Pränatale Entwicklung und erste Lebenswochen

Die drei Hauptforschungsfragen, die Entwicklungspsychologen untersuchen, betreffen den relativen Einfluss der Anlagen (Vererbung) und der Umwelt (Erfahrung), ob Entwicklung ein kontinuierlicher Prozess ist oder aus einer Reihe voneinander unterschiedener Stufen besteht, ob die Persönlichkeit stabil ist oder ob sie sich verändert, wenn wir älter werden.

Bei der Empfängnis kann nur eine Samenzelle des Mannes die äußere Hülle der Eizelle einer Frau durchdringen, bevor die Oberfläche der Eizelle alle anderen abblockt. Innerhalb von etwa 12 Stunden vereinigen sich die Kerne von Samen- und Eizelle zu einer einzigen Zelle.

Eine Zygote ist eine befruchtete Eizelle, die zunehmend differenzierter wird. Nach etwa 10 Tagen ist der äußere Teil der Zellmasse mit der Uteruswand verbunden, und aus den inneren Zellen wird der Embryo. Hiermit beginnt eine Entwicklungsstufe, bei der sich die wesentlichen Organe ausbilden und ihre Funktion aufnehmen. Von der 9. Woche nach der Befruchtung an bis zur Geburt entwickelt sich der Organismus, der jetzt Fötus heißt, weiter und wächst. Teratogene sind potenziell schädliche Stoffe, die die Plazentaschranke passieren und den sich entwickelnden Embryo oder Fötus schädigen können.

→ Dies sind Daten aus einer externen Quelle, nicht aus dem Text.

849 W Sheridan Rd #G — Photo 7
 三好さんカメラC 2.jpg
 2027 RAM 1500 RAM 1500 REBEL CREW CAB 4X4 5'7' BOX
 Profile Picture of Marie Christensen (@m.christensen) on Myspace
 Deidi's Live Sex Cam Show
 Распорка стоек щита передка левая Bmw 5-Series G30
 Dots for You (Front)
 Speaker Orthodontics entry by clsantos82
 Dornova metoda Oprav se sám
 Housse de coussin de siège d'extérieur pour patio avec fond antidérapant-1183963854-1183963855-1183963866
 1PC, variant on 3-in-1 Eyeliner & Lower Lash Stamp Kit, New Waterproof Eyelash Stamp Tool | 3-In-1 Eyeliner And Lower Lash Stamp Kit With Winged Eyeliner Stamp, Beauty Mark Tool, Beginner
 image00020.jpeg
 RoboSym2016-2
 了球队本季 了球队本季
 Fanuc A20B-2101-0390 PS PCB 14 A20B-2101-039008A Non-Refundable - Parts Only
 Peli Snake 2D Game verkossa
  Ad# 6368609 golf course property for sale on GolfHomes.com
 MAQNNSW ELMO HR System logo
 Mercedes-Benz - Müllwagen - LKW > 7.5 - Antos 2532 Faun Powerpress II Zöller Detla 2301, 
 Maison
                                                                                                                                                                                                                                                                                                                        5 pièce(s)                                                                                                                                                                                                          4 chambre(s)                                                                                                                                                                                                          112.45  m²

Neugeborene kommen mit einer Anzahl automatischer Reaktionen (Reflexen) auf die Welt, die zum Überleben beitragen; dazu gehört auch der Suchreflex, der ihnen hilft, Nahrungsquellen ausfindig zu machen. Die sich rasch entwickelnden Seh- und Hörsinne scheinen auf soziale Ereignisse angepasst zu sein, wie etwa auf das Gesicht oder die Stimme der Betreuungsperson. Forscher können einiges von dem herausfinden, was Kleinkinder wahrnehmen und denken, indem sie beobachten, wie sie auf neuartige Reize reagieren (wie z. B. Farben, Gestalten und Formen) oder wie vertraute Reize zunehmend langweiliger werden (sie habuitieren). Um einen neuen Reiz als anders zu erkennen, muss sich ein Kleinkind an den alten Reiz erinnern; dies deutet auf eine einfache Form des Lernens hin.

 

Kleinkind- und Kindesalter

Das unreife Nervensystem eines Neugeborenen unterliegt nach der Geburt in dem Maße einem Wachstumsschub, in dem sich das neuronale Netz erweitert. Im Alter zwischen 3 und 6 Jahren ist das Wachstum in den Frontallappen am ausgeprägtesten. Die Entwicklung in den Assoziationsfeldern des Kortex befähigt zu Denken, Gedächtnis und Sprache. Wenn die Nervenbahnen im Gehirn genutzt werden, entwickeln sie sich und werden stärker bis in die Pubertät hinein, in der bei einem Pruning genannten Vorgang nach und nach überflüssige Verbindungen beseitigt werden. Wenn keine schwere Misshandlung oder Vernachlässigung vorliegt, führt die Reifung - die ordnungsgemäße Abfolge genetisch festgelegter biologischer Prozesse - alle Kleinkinder auf den Weg des gleichen allgemeinen Entwicklungsverlaufs.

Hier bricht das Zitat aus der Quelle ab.